PROVIDED RECORDS
━━━━━━━━━━━━━━━━━━━━━━━━━━━━━━
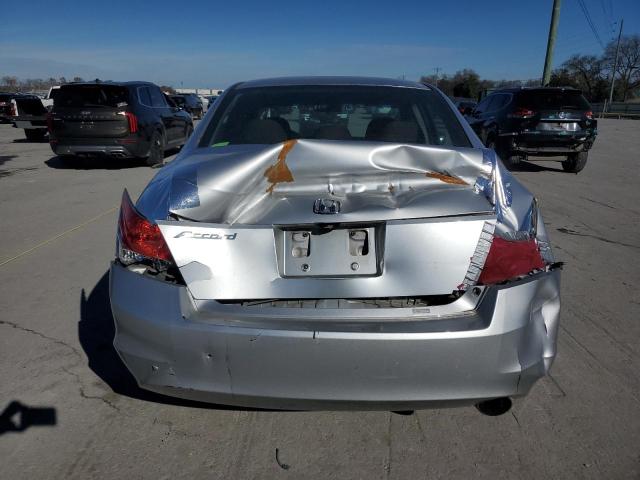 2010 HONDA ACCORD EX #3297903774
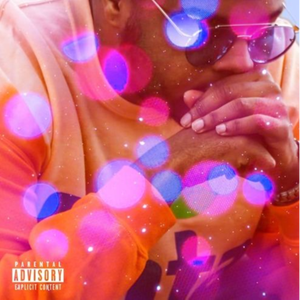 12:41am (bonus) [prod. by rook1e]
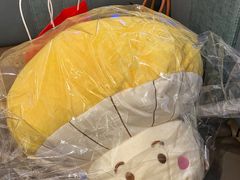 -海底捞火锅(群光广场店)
━━━━━━━━━━━━━━━━━━━━━━━━━━━━━━
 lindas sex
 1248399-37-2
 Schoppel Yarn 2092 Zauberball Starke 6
━━━━━━━━━━━━━━━━━━━━━━━━━━━━━━
TASK TO COMPLETE
Copy only what lies between the line with "2010 HONDA ACCORD EX #3297903774" and the line with "-海底捞火锅(群光广场店)", those two lines included, exactly as given above; pictures stay out.

YOUR RESPONSE
 2010 HONDA ACCORD EX #3297903774
 12:41am (bonus) [prod. by rook1e]
 -海底捞火锅(群光广场店)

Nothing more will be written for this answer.